Re: PROBLEM: reproducible crash KVM+nf_conntrack all recent 2.6 kernels
From: Jon Masters <hidden>
Date: 2010-01-28 08:07:22
Also in:
lkml, netfilter-devel
On Thu, 2010-01-28 at 02:20 -0500, Jon Masters wrote:
On Thu, 2010-01-28 at 00:46 -0500, Jon Masters wrote:quoted
A number of people seem to have reported this crash in various forms, but I have yet to see a solution, and can reproduce on 2.6.33-rc5 this evening so I know it's still present in the latest upstream kernels too. Userspace is Fedora 12, and this happens on both all recent F12 kernels (sporadic in 2.6.31 until recently, solidly reproducible on 2.6.32) and upstream 2.6.32, and 2.6.33-rc5 also - hard to find a "known good". The problem happens when using netfilter with KVM (problem does not occur without the firewall loaded, for example) and will occur within a few minutes of attempting to start or stop a guest that is connecting to the network - the easiest way to reproduce so far is simply to start up a bunch of Fedora guests and have them do a "yum update" cycle.
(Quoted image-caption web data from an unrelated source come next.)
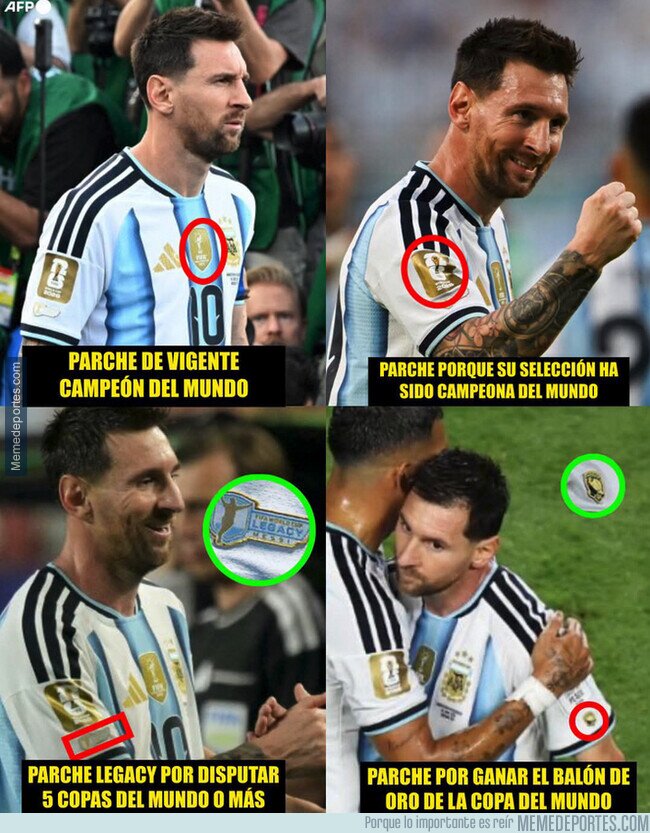 1241588 - La camiseta de Messi no puede tener más parches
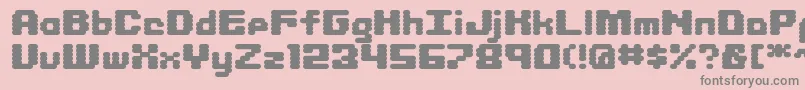 Libritabs Font – Gray Fonts on Pink Background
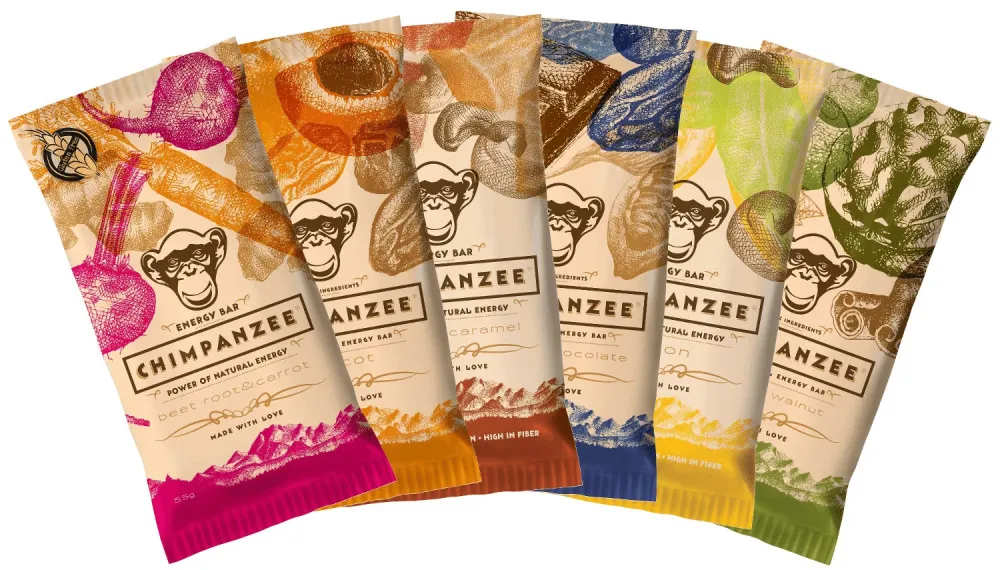 Chimpanzee Energy Bar - Apple & Ginger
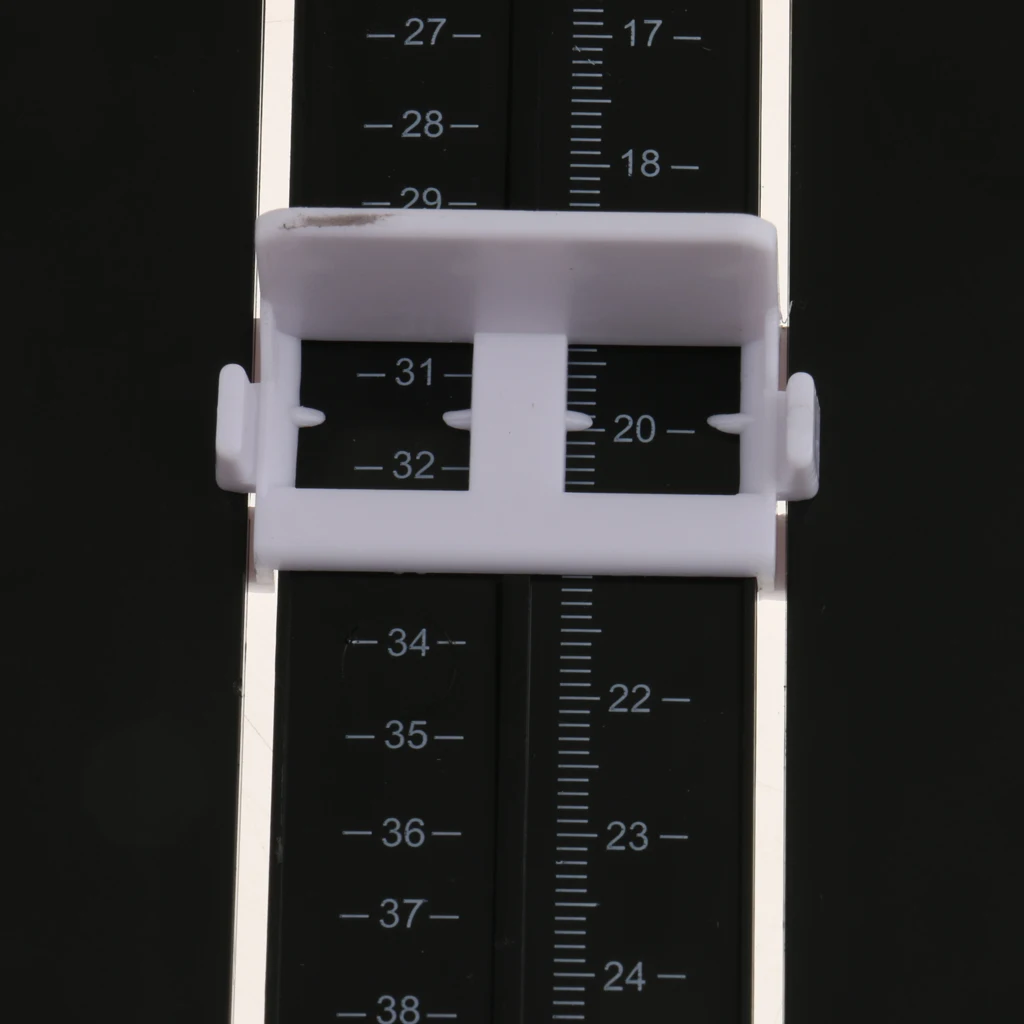 Footful Adults Foot Measure Shoes Gauge Tool Measurer for Men Women Black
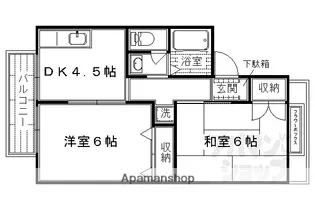 ホワイトハウス【201A号室】の間取り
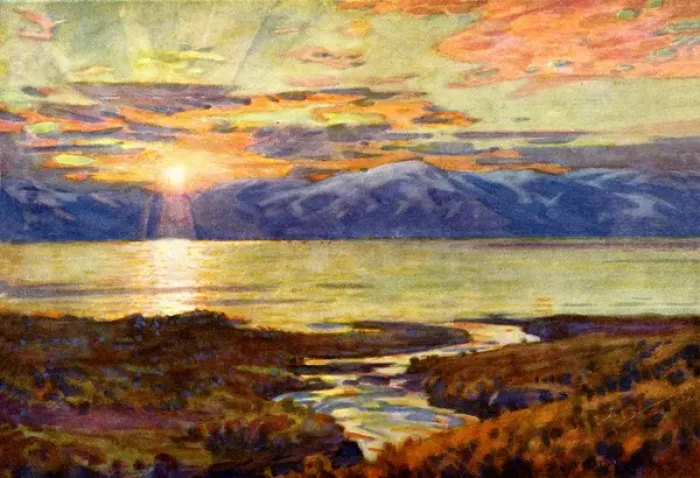 Framed Print : Midnight Sun, Sweden Framed Print : Midnight Sun, Sweden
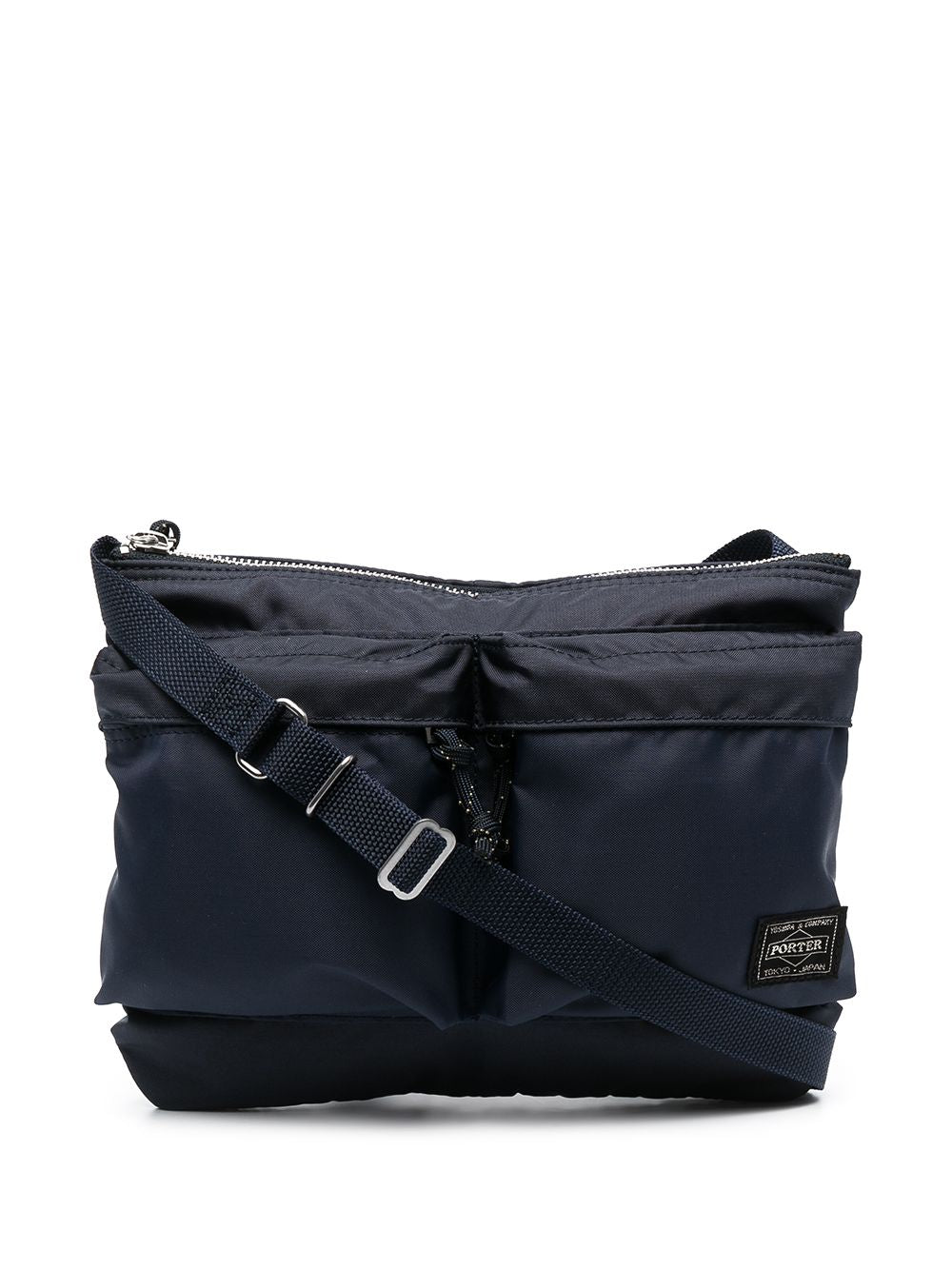 Blue Nylon Shoulder Bag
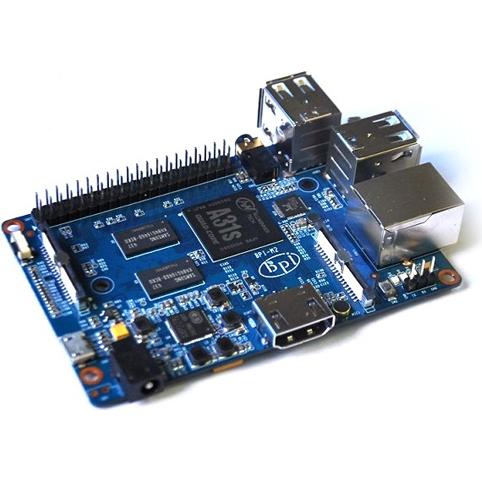 Sinovoip Banana Pi BPI-M2 - Computer a scheda singola Quad-Core Wi-Fi, Scheda + Kit di sviluppo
All of the crashes appear similar to the following (2.6.33-rc5):Rebuilt the kernel with all debug options turned on, got some lockdep warnings (haven't looked further yet). Here's the output (attached full boot log also):
[ 339.730086] RIP: 0010:[<ffffffff813e5f3e>] [<ffffffff813e5f3e>] nf_ct_remove_expectations+0x49/0x5c
This appears to be in the hlist_for_each_entry_safe iteration within nf_ct_remove_expectations, iterating over the list of nf_conn_help(ers) returned by nfct_help. I don't know what that code does (I have an idea but only at a high level at this stage), though I'm poking a little here to see if I can understand enough of netfilter to be useful. Feel free to give me some pointers to help you guys debug this faster. Jon.